--- START ---
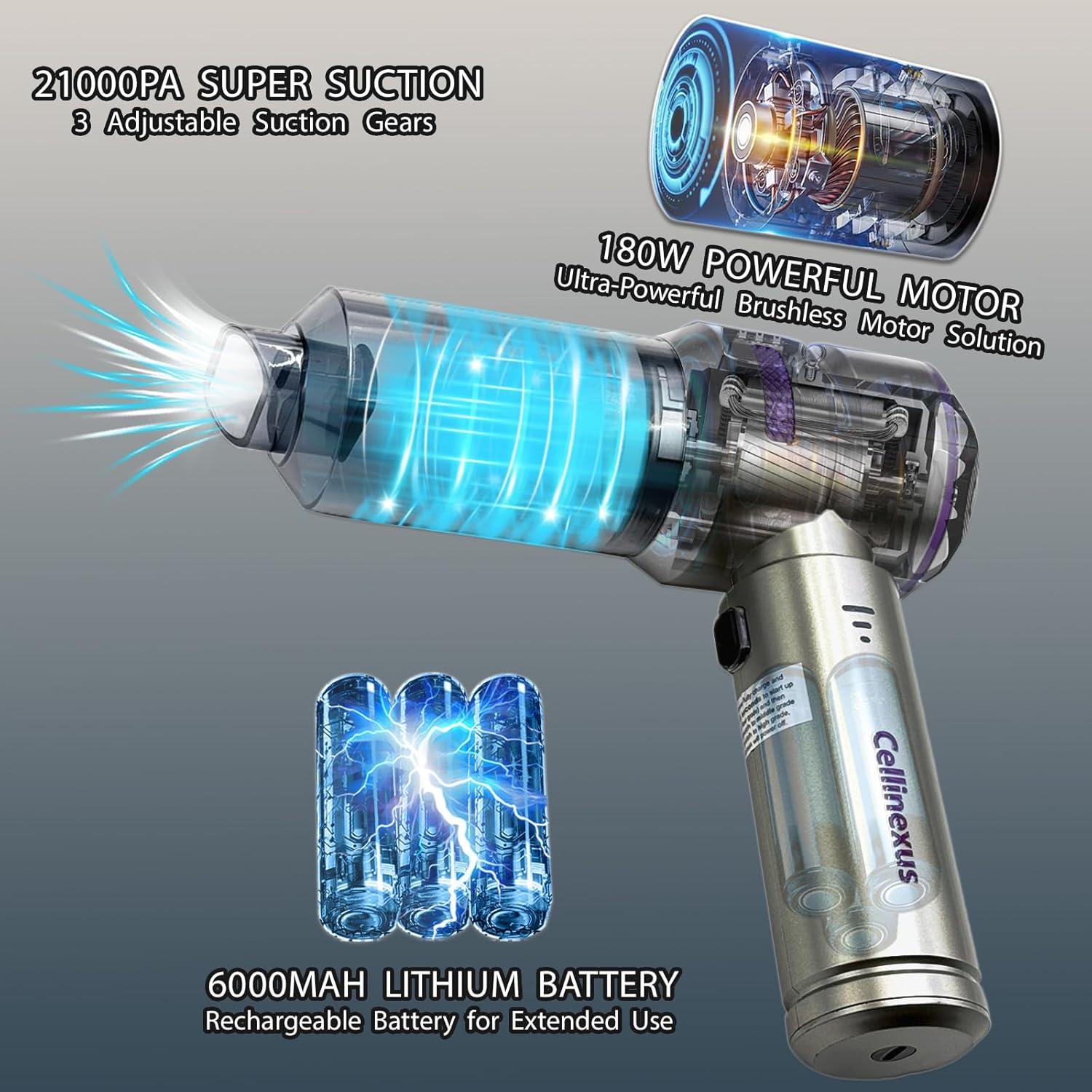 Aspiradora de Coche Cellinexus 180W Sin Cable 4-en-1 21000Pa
--- END ---
--- START ---
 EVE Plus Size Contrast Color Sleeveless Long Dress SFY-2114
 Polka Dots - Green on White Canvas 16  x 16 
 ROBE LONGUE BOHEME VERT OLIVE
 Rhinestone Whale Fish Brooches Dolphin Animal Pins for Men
--- END ---
## About this exercise
What is needed is an exact copy of the lines above, from the one containing "EVE Plus Size" through the one containing "Rhinestone Whale Fish", with nothing added.

## The completed task
 EVE Plus Size Contrast Color Sleeveless Long Dress SFY-2114
 Polka Dots - Green on White Canvas 16  x 16 
 ROBE LONGUE BOHEME VERT OLIVE
 Rhinestone Whale Fish Brooches Dolphin Animal Pins for Men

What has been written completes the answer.